From Media to Mission: Michael Joseloff on Storytelling and Change at the AAA

Recorded live at Legalweek 2025, and released now as a summer episode, this conversation explores why the American Arbitration Association created the role of Chief Marketing Officer (CMO), and what that move signals about the organization's forward-looking strategy. Bridget and Zach speak with Michael Joseloff, the AAA’s newly appointed CMO, whose distinguished media career sharpened his belief that powerful storytelling is foundational to modern marketing. With a background spanning Paramount/CBS and Fortune, Joseloff brings a fresh perspective to legal marketing—one rooted in strategy, storytelling, and building trust. 

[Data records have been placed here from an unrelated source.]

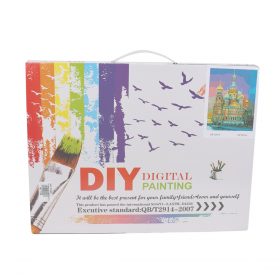 DIY Digital Painting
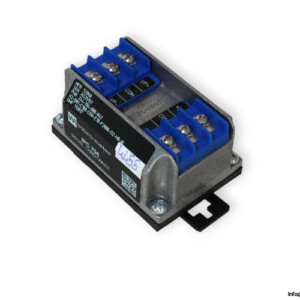 Vibro-Meter IPC 704 Signal Conditioner
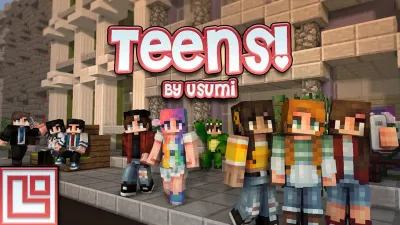Teens!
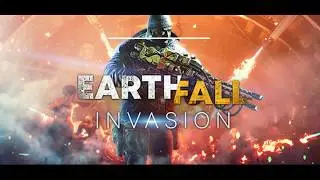 Earthfall Invasion Gameplay - No Commentary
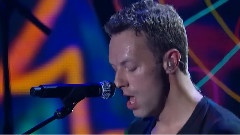 Coldplay - Princess Of China & Paradise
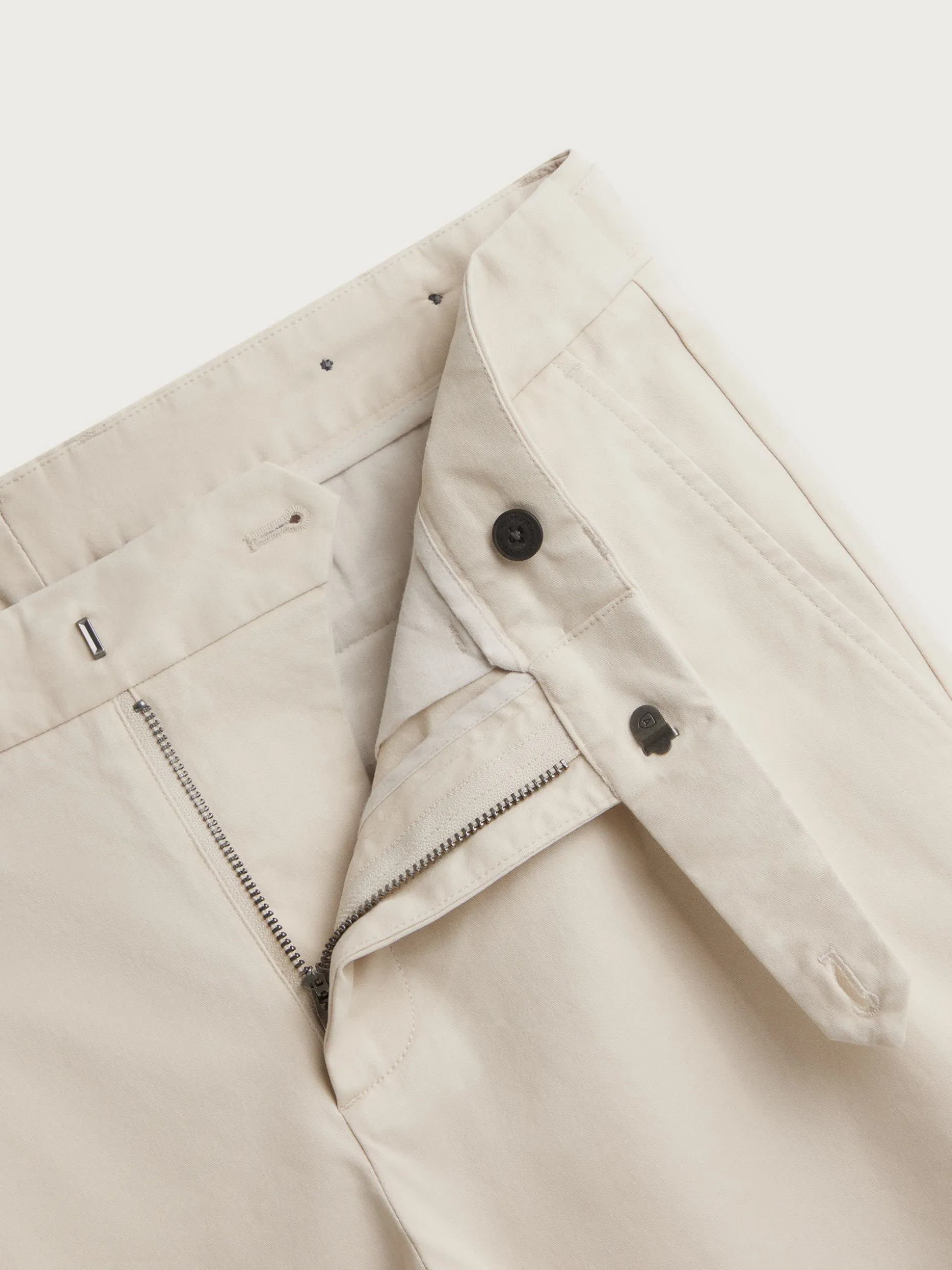 Pantaloni Slim Fit Color Carota - Moda Uomo Comoda & Stilosa | Collezione Esclusiva Alvaro Moreno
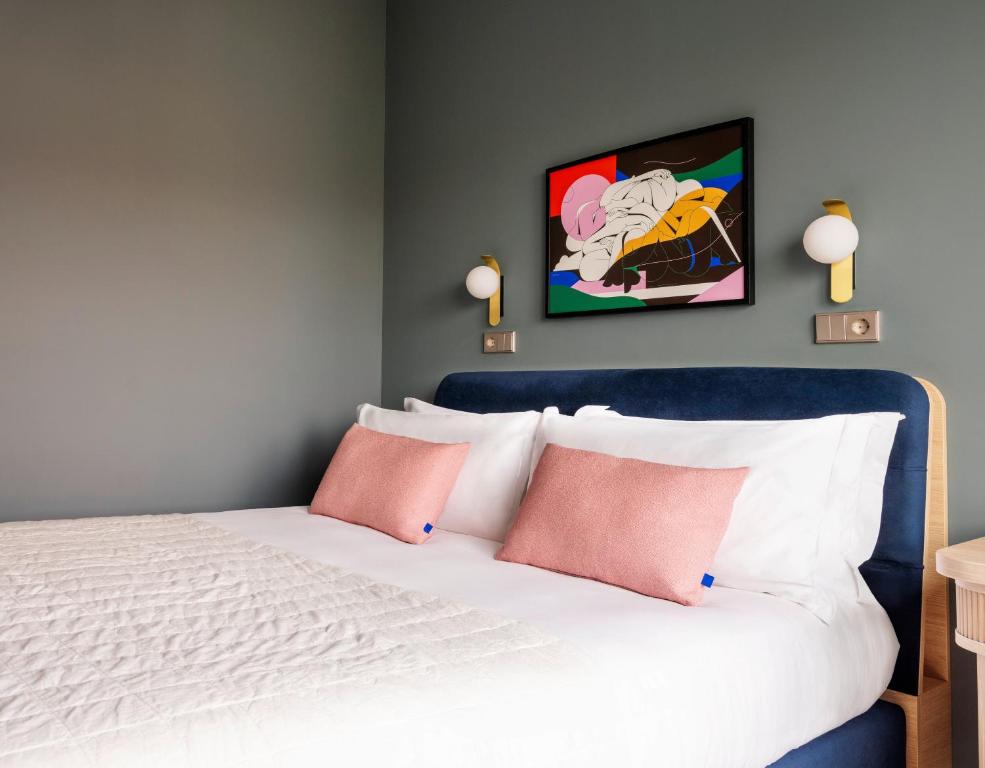 Numa Lisbon Rato - 4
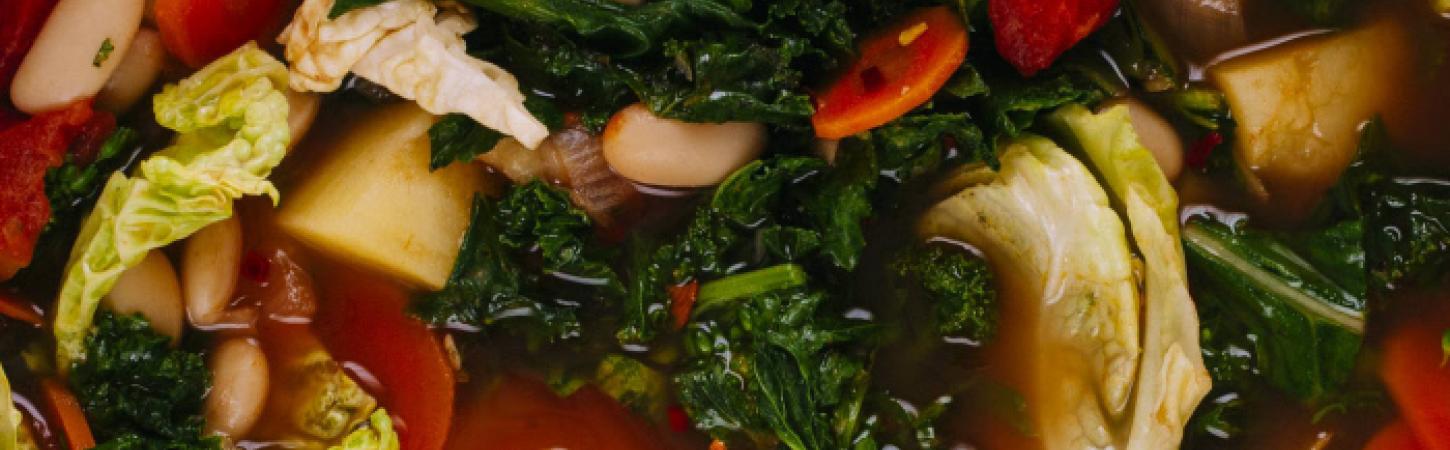 World Food-Reisen – Rumänien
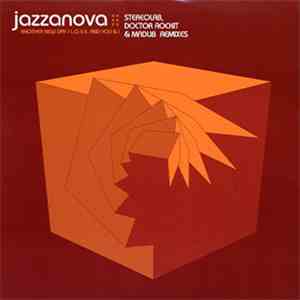 Jazzanova - Another New Day / L.O.V.E. And You & I mp3 album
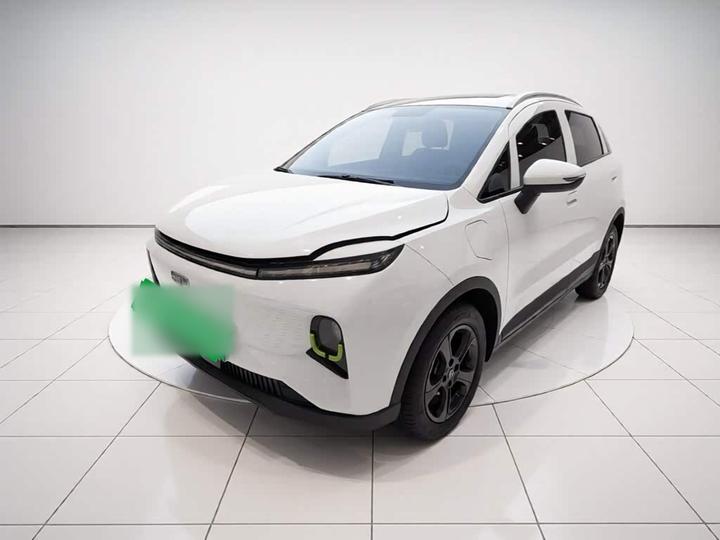 E Firefly 2023 320KM 5-Seater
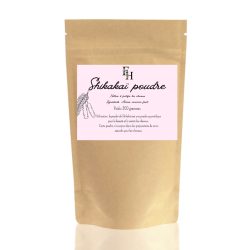 Shikakai Powder - 100 grams Bag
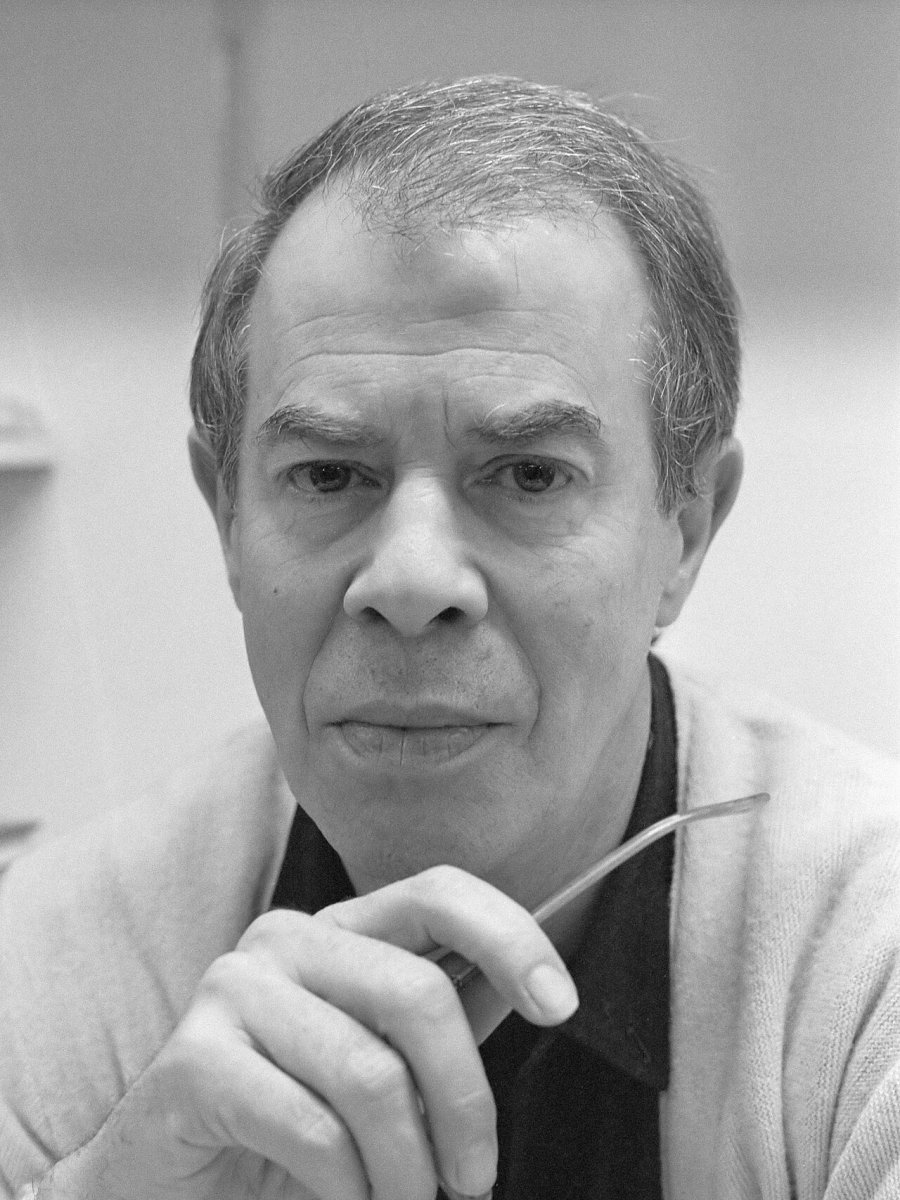 Hans Van Manen
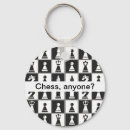 Pesquisar por peças chaveiros Preto e branco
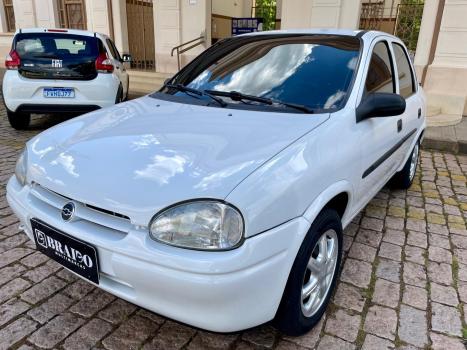 CHEVROLET Corsa Hatch 1.6 GL, Foto 1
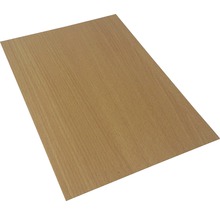 Dünn-MDF Platte buche 3x1220x2440 mm-thumb-2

At the AAA, Joseloff is tasked with refining, elevating, and strategically sharing the organization’s mission. His work marks a decisive next chapter: using narrative as a tool for trust, engagement, and purpose.

Key Takeaways 

  1. Storytelling as Strategic Marketing: Michael’s background in media taught him that how a brand’s story is told can define how it’s understood. Now at the AAA, he plans to bring that same strategic clarity to sharing the organization’s mission and building alignment, trust, and relevance among legal professionals, businesses, and consumers alike. For a nearly century-old organization, storytelling isn’t just about brand building—it’s about strategic positioning for what comes next.
  2. Marketing the AAA During a Time of Industry Disruption: The legal sector, once resistant to rapid innovation, is now embracing technology at unprecedented speed. As the AAA integrates legal tech and AI, Michael draws a powerful parallel between the media disruptions he once navigated and the legal evolutions unfolding today. He understands that marketing in an era of change is rooted in clarity, empathy, and leadership. His experience guides how the AAA shapes its messaging in a world where dispute resolution must feel accessible, modern, and human.
  3. Nobody Likes Being in a Dispute: The AAA faces a distinct challenge: conflict, by nature, is something we hope to avoid. Michael embraces this paradox as a unique marketing challenge: to position the AAA not as a reactive service, but as a steady guide through uncertainty. Every element of the dispute resolution process is crafted with care and intention, and the AAA works to improve and expand how people move through conflict because the organization understands what’s at stake. It’s crucial that this thoughtfulness is clearly communicated.

With over 500,000 new AAA cases each year, the CMO’s role extends beyond messaging—it’s about reducing the stress and uncertainty that often accompany conflict and evolving the AAA so that it is seen as a reliable, supportive presence when it matters most.

Final Thought

The creation of the CMO role at AAA—and the decision to appoint someone with a media background—demonstrates a nearly 100-year-old organization’s returning to its roots in a modern way. The founders of the AAA were visionary storytellers and advocates for dispute resolution. Today, the organization is not simply modernizing its operations; it is positioning itself to lead the next era of alternative dispute resolution by blending tradition with innovation.

Transcript

Zach Abramowitz: Michael, you came to the AAA from Paramount CBS. You've spent your career in media. What initially attracted you to a media career in the first place, and specifically in a marketing role? 

Michael Joseloff: it's a vibrant space. It's a space of constant change and invention and reinvention. The business model is completely going upside down. So it adds all kinds of interesting challenges for marketers. But that's what makes it really fun. You've got to be learning, you've got to be thinking and growing and trying new things. Following the audience even sometimes when the business model doesn't follow as quickly.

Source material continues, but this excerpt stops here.